Bug 9554

Summary: write barriers over device mapper are not supported
Product: IO/Storage Reporter: Martin Steigerwald (Martin)
Component: LVM2/DMAssignee: Alasdair G Kergon (agk)
Status: CLOSED CODE_FIX    
Severity: normal CC: agk, axboe, bernie, diegocg, elliot.li.tech, knikanth, marcus, mishu, pedrib
Priority: P1    
Hardware: All   
OS: Linux   
Kernel Version: 2.6.27 Subsystem:
Regression: No Bisected commit-id:

Description Martin Steigerwald 2007-12-12 13:59:20 UTC
Most recent kernel where this bug did not occur: -
Distribution: Debian Etch/Lenny/Sid/Experimental
Hardware Environment: IBM ThinkPad T42 with internal harddisk

Software Environment: 
martin@shambala> apt-show-versions | egrep "(xfsprogs|dmsetup|lvm2)"
lvm2/sid uptodate 2.02.26-1+b1
xfsprogs/sid uptodate 2.9.4-2
dmsetup/sid uptodate 2:1.02.20-2

The internal harddisk is accessed by libata PATA.

Problem Description:
Write barriers over device mapper are not supported, which means that write barriers over LVM2 are also not supported.

Looking at dm_request() as Eric Sandeen did in a post on the XFS mailing list suggests that there are technical reasons for the lack of write barrier support[1]:

martin@shambala> grep -A 9 -m1 "dm_request" linux-2.6.23/drivers/md/dm.c
static int dm_request(struct request_queue *q, struct bio *bio)
{
        int r;
        int rw = bio_data_dir(bio);
        struct mapped_device *md = q->queuedata;

        /*
         * There is no use in forwarding any barrier request since we can't
         * guarantee it is (or can be) handled by the targets correctly.
         */

From a user point of view I actually would like write barrier support with device mapper and the dm application LVM2 regardless of any technical difficulties.
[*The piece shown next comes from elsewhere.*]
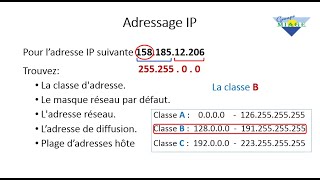 Adressage IP Classe B [upl. by Andras]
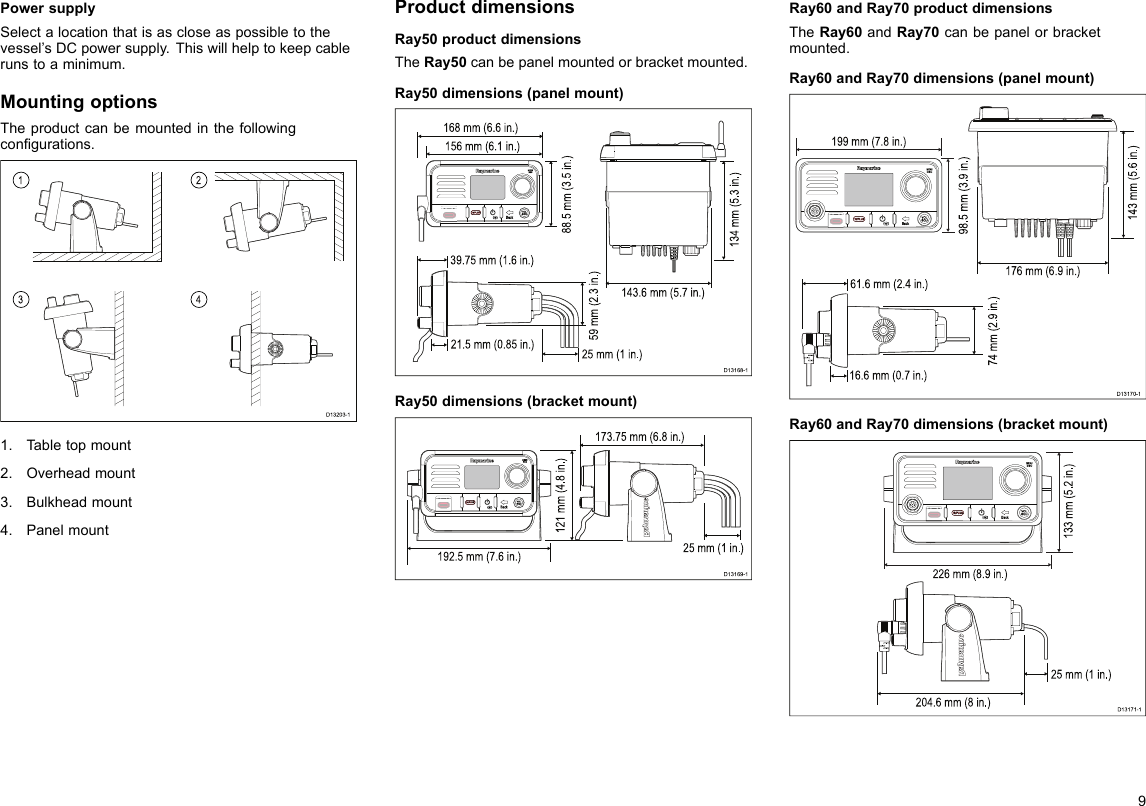 PowersupplySelectalocationthatisascloseaspossibletothevessel’sDCpowersupply.Thiswillhelptokeepcablerunstoaminimum.MountingoptionsTheproductcanbemountedinthefollowingcongurations.D13203-112341.T abletopmount2.Overheadmount3.Bulkheadmount4.PanelmountProductdimensionsRay50productdimensionsTheRay50canbepanelmountedorbracketmounted.Ray50dimensions(panelmount)168 mm (6.6 in.)156 mm (6.1 in.)88.5 mm (3.5 in.)134 mm (5.3 in.)59 mm (2.3 in.)143.6 mm (5.7 in.)39.75 mm (1.6 in.)21.5 mm (0.85 in.) 25 mm (1 in.)D13168-1Ray50dimensions(bracketmount)192.5 mm (7.6 in.)121 mm (4.8 in.)173.75 mm (6.8 in.)25 mm (1 in.)D13169-1Ray60andRay70productdimensionsTheRay60andRay70canbepanelorbracketmounted.Ray60andRay70dimensions(panelmount)D13170-1199 mm (7.8 in.)61.6 mm (2.4 in.)16.6 mm (0.7 in.)176 mm (6.9 in.)98.5 mm (3.9 in.)143 mm (5.6 in.)74 mm (2.9 in.)Ray60andRay70dimensions(bracketmount) D13171-1133 mm (5.2 in.)226 mm (8.9 in.)204.6 mm (8 in.)25 mm (1 in.)9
And fail to see the point of write barriers when half the kernel actually doesn't support it.

Using write barriers helped a lot with stability of XFS on unclean filesystem shutdowns. And even with ext3 which seems to be less vunerable IO to out of order IO requests, well with any journalling filesystem write barriers should help stability on commodity hardware.

Is write barrier support for device mapper, at least with LVM2, planned? IMHO there should be a way that allow dm targets to report whether they can handle barrier requests.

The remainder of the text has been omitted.